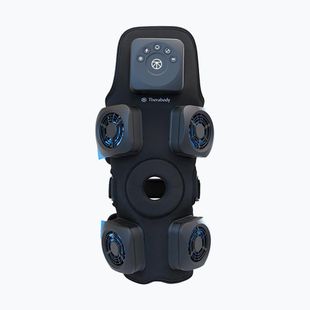 Масажор Therabody RecoveryTherm Hot&Cold Vibration Knee black blue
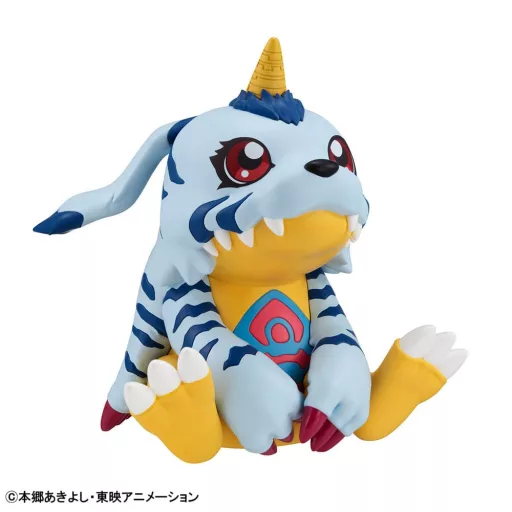 Digimon Look Up PVC Szobor Gabumon 11 cm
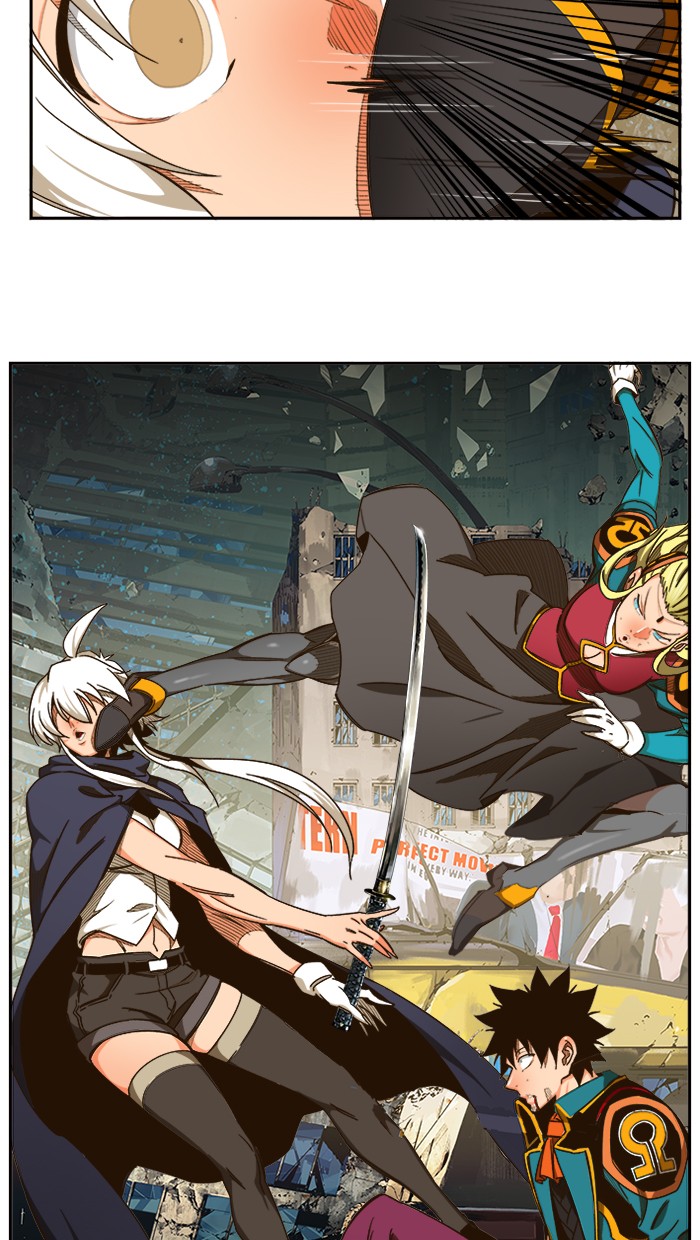 The God of High School Chap 456 - Next Chap 457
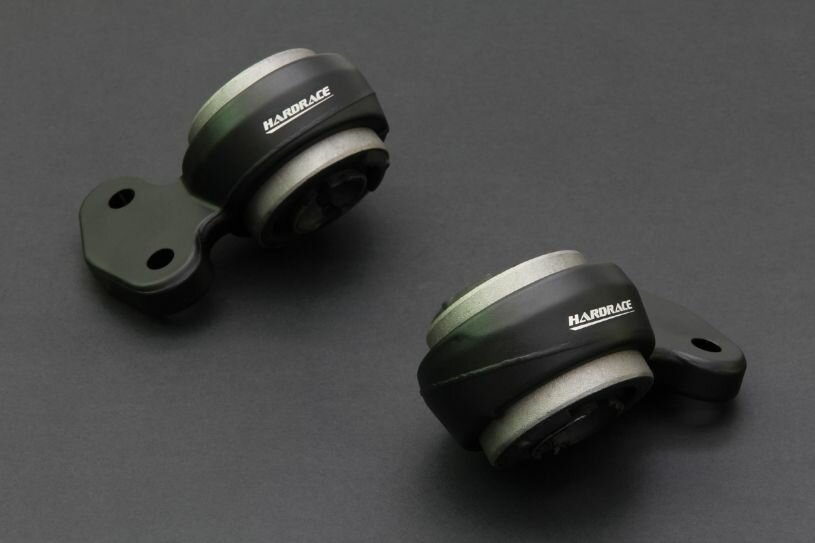 Hardrace draagarm rubbers onderzijde passend voor BMW 3 serie E46 en BMW Z4 E85 en E86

• **TASK OBJECTIVE**
Repeat verbatim the lines from the one holding "Digimon Look Up PVC Szobor Gabumon 11 cm" through the end of the listing above, both ends included, but not the pictures.

• **RESPONSE FOR THIS EXERCISE**
 Digimon Look Up PVC Szobor Gabumon 11 cm
 The God of High School Chap 456 - Next Chap 457
 Hardrace draagarm rubbers onderzijde passend voor BMW 3 serie E46 en BMW Z4 E85 en E86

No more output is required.